_What you have to do_.
When the line containing "Dayco Belts Dayco" is found in the data below, copy it and each line after it through the line containing "Mercedes-Benz Vito Viano", exactly and with no others.

-------- Data supplied

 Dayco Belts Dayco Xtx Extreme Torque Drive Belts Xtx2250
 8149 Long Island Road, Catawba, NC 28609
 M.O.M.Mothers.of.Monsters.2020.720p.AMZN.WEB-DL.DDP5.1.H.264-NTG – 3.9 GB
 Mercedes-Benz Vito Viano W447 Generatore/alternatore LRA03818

----------------
-------- Data supplied

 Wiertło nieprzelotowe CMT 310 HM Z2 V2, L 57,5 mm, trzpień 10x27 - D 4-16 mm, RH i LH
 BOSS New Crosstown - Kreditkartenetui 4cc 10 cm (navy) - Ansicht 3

----------------
-------- Data supplied

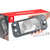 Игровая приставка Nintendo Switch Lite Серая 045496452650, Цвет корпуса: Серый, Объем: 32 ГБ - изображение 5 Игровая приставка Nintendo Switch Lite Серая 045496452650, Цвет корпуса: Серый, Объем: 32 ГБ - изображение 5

----------------

_Finished exercise_.
 Dayco Belts Dayco Xtx Extreme Torque Drive Belts Xtx2250
 8149 Long Island Road, Catawba, NC 28609
 M.O.M.Mothers.of.Monsters.2020.720p.AMZN.WEB-DL.DDP5.1.H.264-NTG – 3.9 GB
 Mercedes-Benz Vito Viano W447 Generatore/alternatore LRA03818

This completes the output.